Menurut bahasa, wadi'ah bermakna meninggalkan/menitipkan. Dan dalam syariah, wadi'ah ialah suatu akad titipan dimana obyek yang dititipkan berbentuk harta atau barang berharga lainnya kepada orang yang dipercayainya, agar bisa dikembalikan lagi pada saat diminta (Hendry, 1999:120)

Konesp titip menitip ini sebenarnya sudah dilakukan sejak adanya manusia dan mulai bertransaksi, dan terus-menerus berkembang dengan metode yang berbeda-beda, yang kemudian konsep titip menitip ini dilakukan oleh sebuah lembaga yang ikut mempertanggungjawabkan obyek titipan tersebut (Karim, 2004:141).

Dengan demikian, teknis perbankan dari akad wadi'ah ini ialah, konsep titip menitip, dimana pemilik dana/harta menyimpan uang/barang nya untuk dijaga oleh bank. Bank kemudian akan meminta izin untuk menggunakan dana tersebut dan segala keuntungan maupun resiko kerugian ditanggung sepenuhnya oleh pihak bank. Pemilik dana/harta diberikan kebebasan untuk mengambil kembali dana/hartanya baik sebagian atuaupun seluruhnya tanpa waktu yang ditentukan.

2.6.1.4 Rahn

Menurut bahasa rahn berarti jaminan. Sedangkan menurut syariah rahn ialah menjadikan nilai jaminan sebagai ganti rugi utang ketika tidak bisa melunasinya (Hendry, 1999:128).

Melihat dari definisi rahn menurut syariah dapat dinilai mempunyai makna yang sama dengan metode sistem gadai, tetapi berbeda dalam aplikasinya. Dimana dalam sistem gadai menggunakan sistem bunga dalam pembayarannya, sedangkan pada rahn dilakukan secara sukarela untuk saling tolong menolong tanpa mengambil keuntungan atas apapun (Ismail, 2008:101).

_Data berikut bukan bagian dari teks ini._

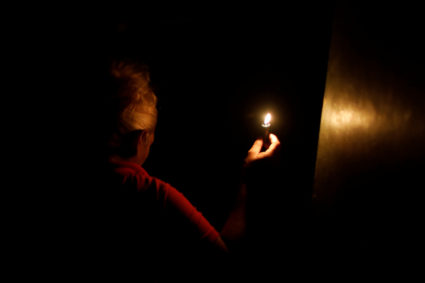 Woman uses a candle as she enters her house during the second day of a blackout in Caracas,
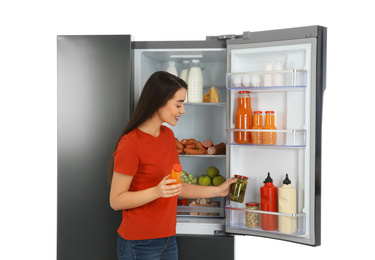 Photo of Young woman choosing products from refrigerator on white background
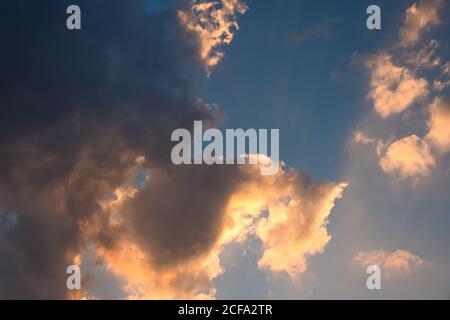Dramatisch bedeckter Himmel mit den Strahlen der Sonne, in gelben und blauen Farben, Hintergrundbild. Stockfoto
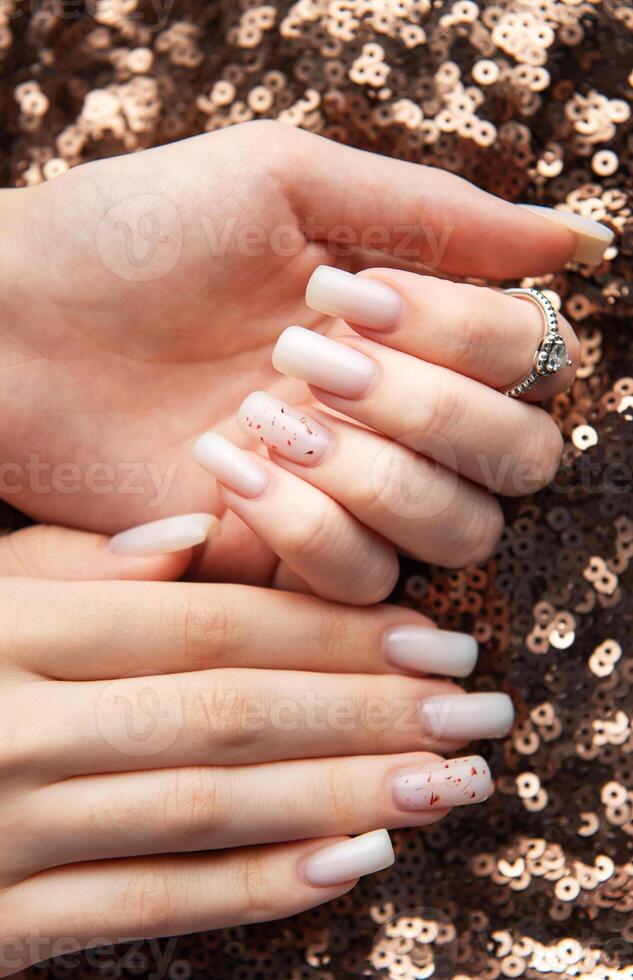 Woman showing stylish nails with red glitter on sequins background photo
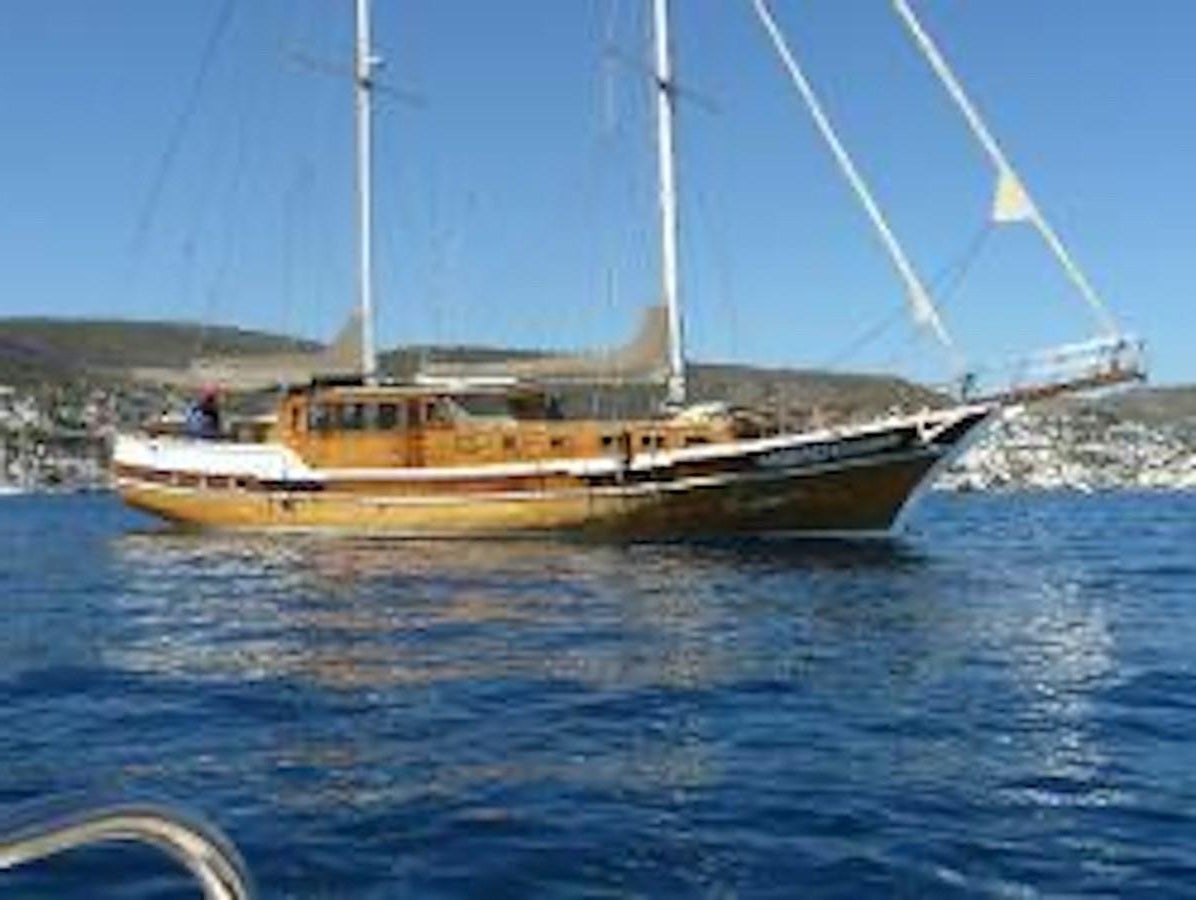 a boat on the water aboard 1998 CUSTOM SAILING YACHT Yacht for Sale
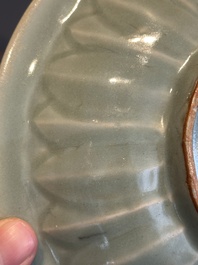 A Chinese Longquan celadon 'twin fish' plate, Yuan/Ming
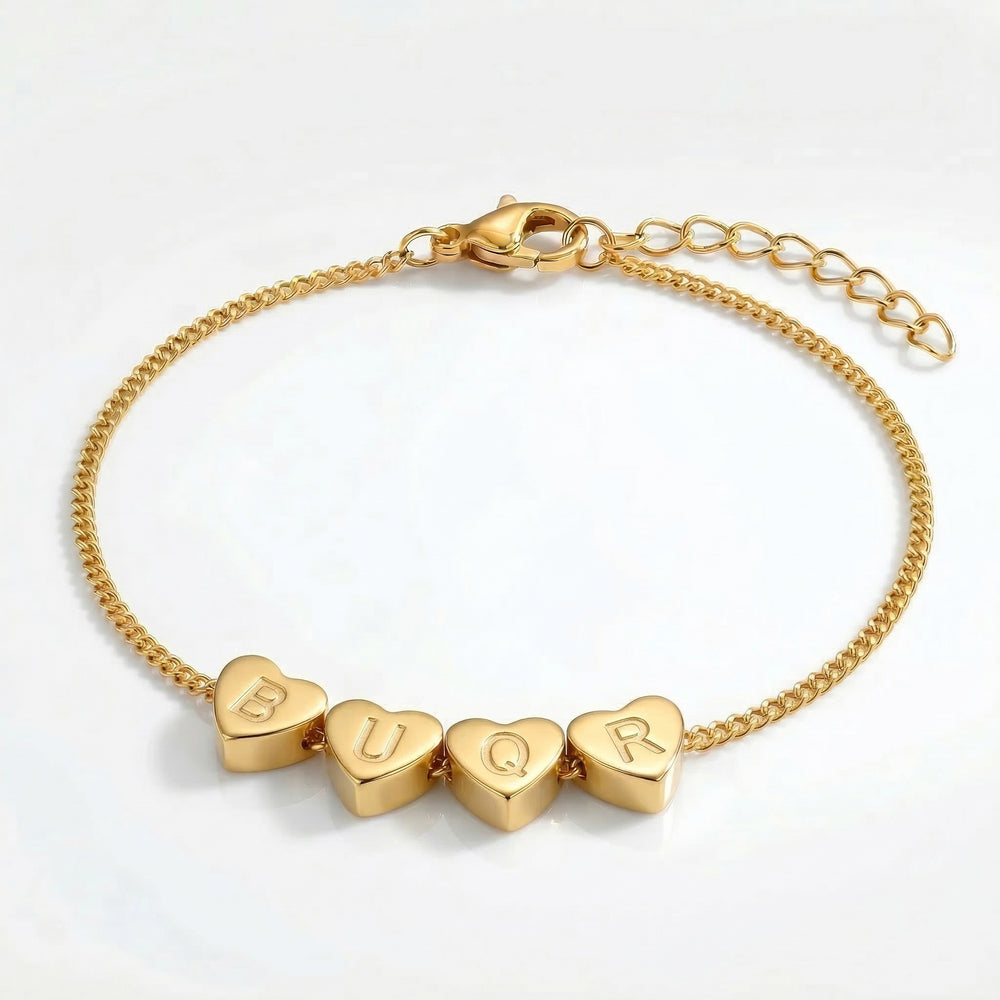 Gold bracelet with heart-shaped charms on a white background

Dengan demikian, teknis perbankan dari akad rahn ialah penyerahan barang/harta dari nasabah peminjam sebagai barang jaminan yang ditahan sebagai alasan meminta pinjaman. Dengan memberikan barang/harta secara fisik kepada bank, kemudian bank mengeluarkan dana pinjaman tersebut kepada nasabah sesuai kesepakatan yang berlaku, baik dari jumlah dana pinjaman, jumlah fisik barang/harta, serta jangka waktu pengembalian.